----- AVAILABLE DATA
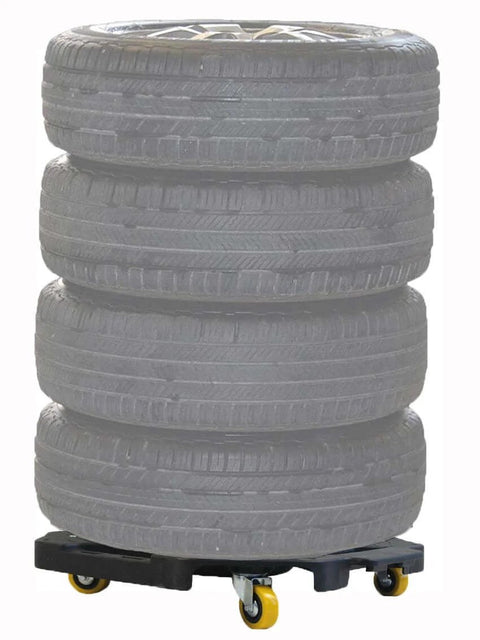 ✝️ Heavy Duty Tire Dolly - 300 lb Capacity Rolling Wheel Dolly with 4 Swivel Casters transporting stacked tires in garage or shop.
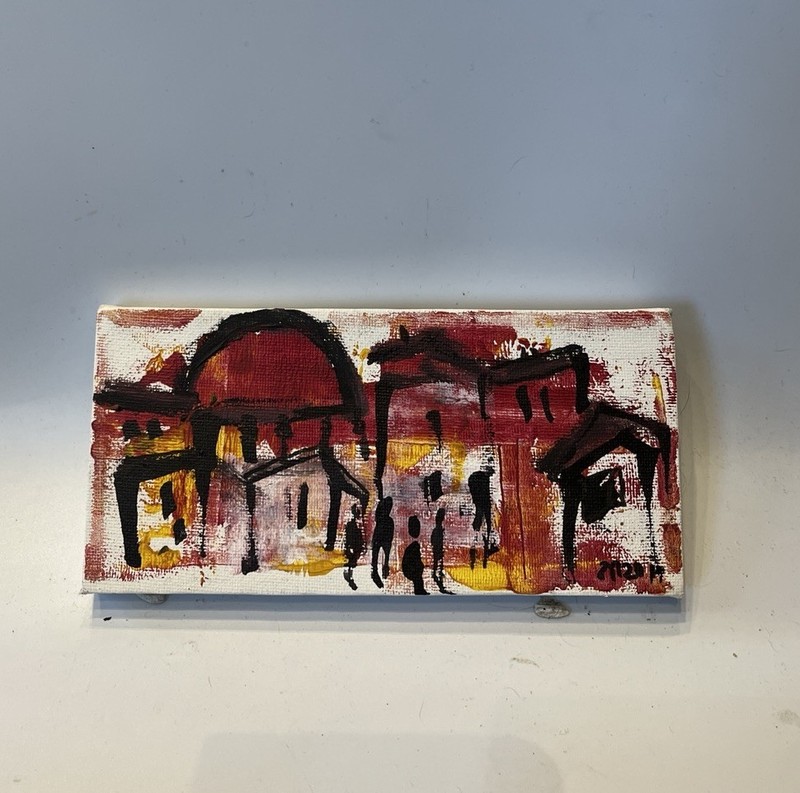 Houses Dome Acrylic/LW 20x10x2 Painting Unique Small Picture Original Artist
----------
----- AVAILABLE DATA
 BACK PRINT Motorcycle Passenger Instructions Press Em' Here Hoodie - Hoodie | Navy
----------
----- AVAILABLE DATA
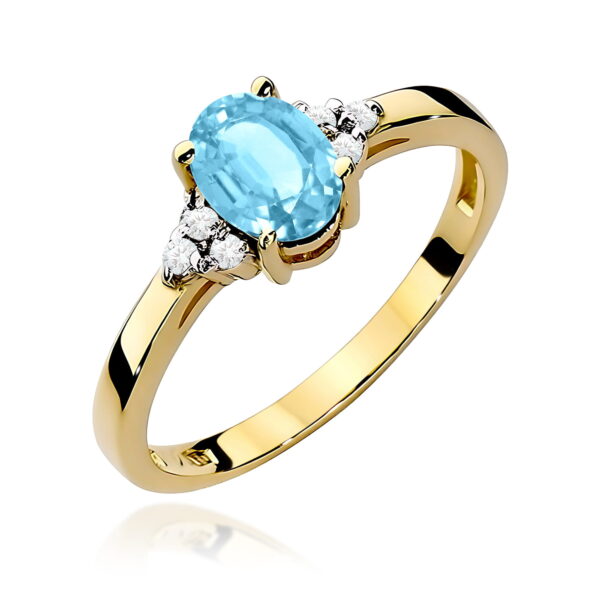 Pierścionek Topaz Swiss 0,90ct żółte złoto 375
----------
→ **TASK OBJECTIVE**:
Start at the line above containing "garage or shop." and stop at the line containing "Houses Dome Acrylic/LW": print those lines and everything between them exactly, but not the pictures.

→ **RESPONSE**:
 ✝️ Heavy Duty Tire Dolly - 300 lb Capacity Rolling Wheel Dolly with 4 Swivel Casters transporting stacked tires in garage or shop.
 Houses Dome Acrylic/LW 20x10x2 Painting Unique Small Picture Original Artist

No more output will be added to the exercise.